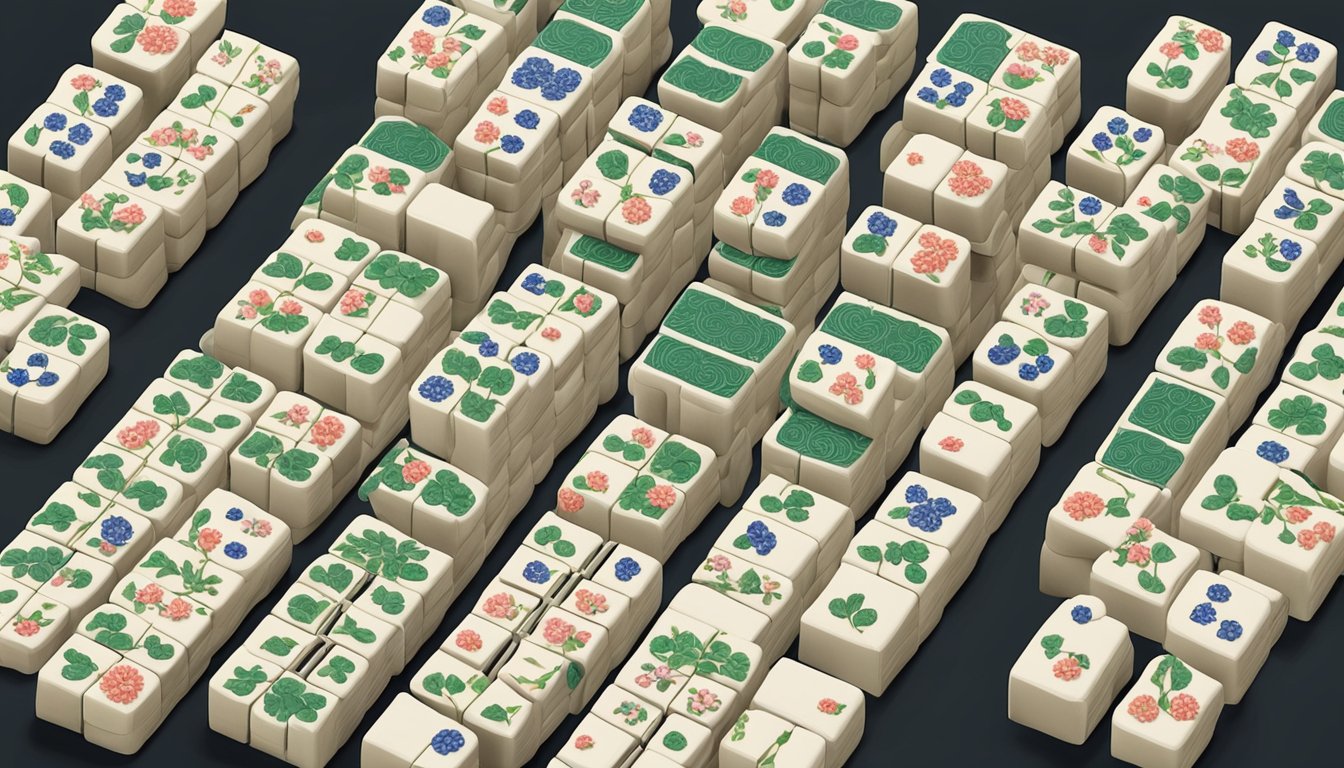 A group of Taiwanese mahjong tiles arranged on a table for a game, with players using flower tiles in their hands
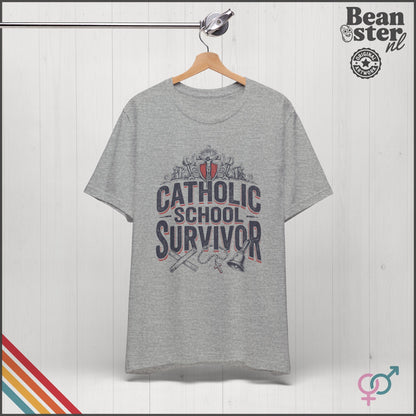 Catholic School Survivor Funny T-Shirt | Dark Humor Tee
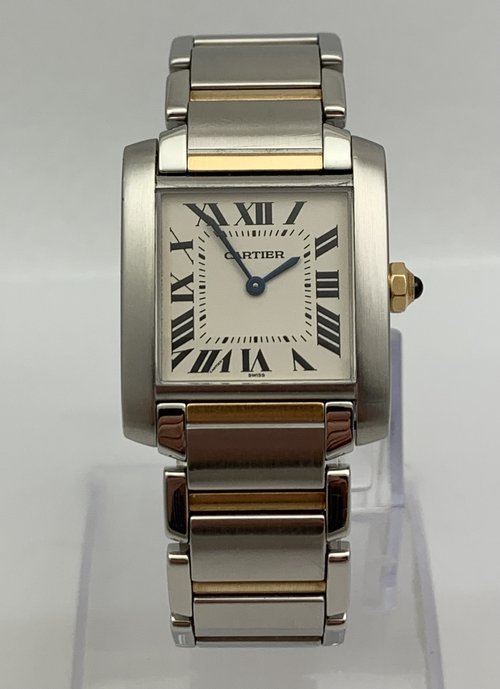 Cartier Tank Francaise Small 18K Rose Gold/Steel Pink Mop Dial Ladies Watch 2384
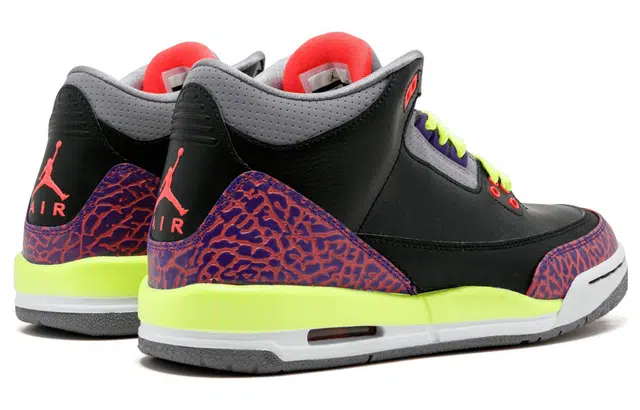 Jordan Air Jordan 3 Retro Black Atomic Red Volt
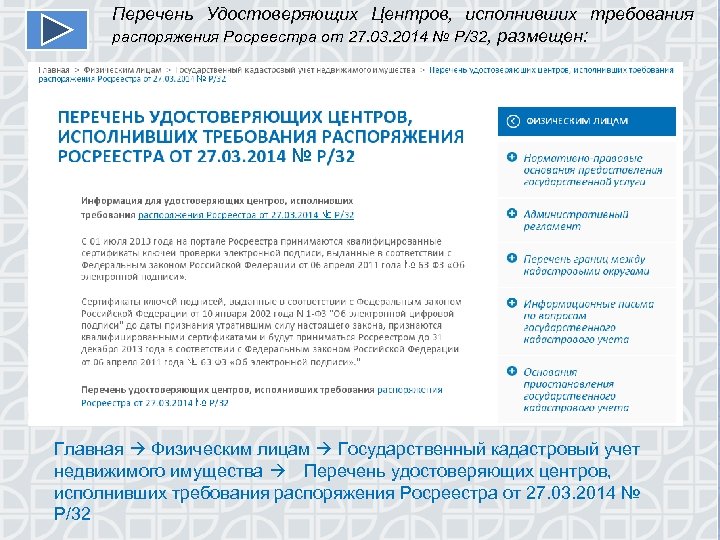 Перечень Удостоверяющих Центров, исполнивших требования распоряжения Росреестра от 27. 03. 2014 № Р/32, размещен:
* * *
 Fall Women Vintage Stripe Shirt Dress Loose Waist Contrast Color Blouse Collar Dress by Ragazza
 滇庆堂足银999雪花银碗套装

• [What the task asks]: Pictures aside, print exactly the lines above starting with the one containing "Cartier Tank Francaise" and going on through the one containing "Перечень Удостоверяющих Центров, исполнивших".

• [Answer section]:
 Cartier Tank Francaise Small 18K Rose Gold/Steel Pink Mop Dial Ladies Watch 2384
 Jordan Air Jordan 3 Retro Black Atomic Red Volt
 Перечень Удостоверяющих Центров, исполнивших требования распоряжения Росреестра от 27. 03. 2014 № Р/32, размещен:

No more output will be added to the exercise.